TASK TO CARRY OUT:
Pictures do not belong in the copy. Write out exactly the lines from the one containing "Multi-level apartment building" through the end of the data.

EXERCISE DATA:
Content starts

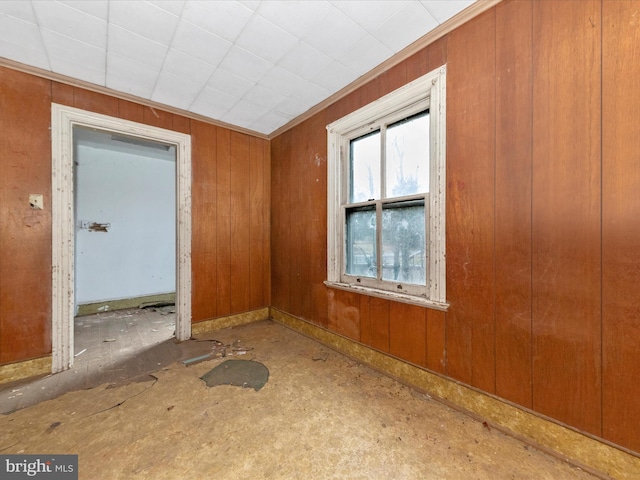 empty room with wood walls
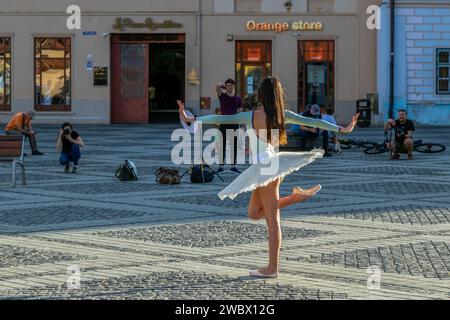 SIBIU, SIEBENBÜRGEN, RUMÄNIEN - 8. JULI 2020: Dämmerungslicht auf dem Großen Platz der Stadt, mit Touristen und einer Ballerina bei der Fotosession. Stockfoto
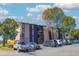 Multi-level apartment building with a parking lot and mature trees on a sunny day at 865 S Quebec St # 302A, Denver, CO 80247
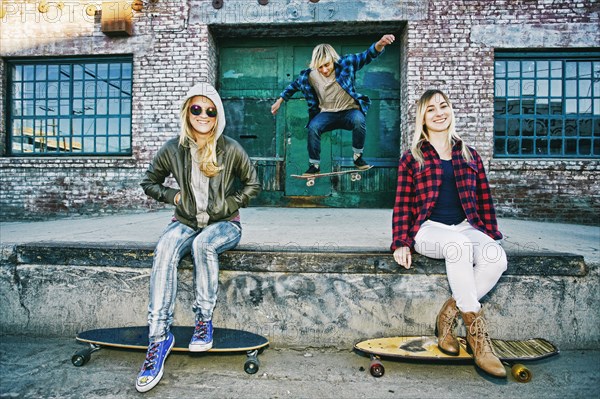 Friends with skateboards smiling on loading dock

Content ends

REPLY:
 Multi-level apartment building with a parking lot and mature trees on a sunny day at 865 S Quebec St # 302A, Denver, CO 80247
 Friends with skateboards smiling on loading dock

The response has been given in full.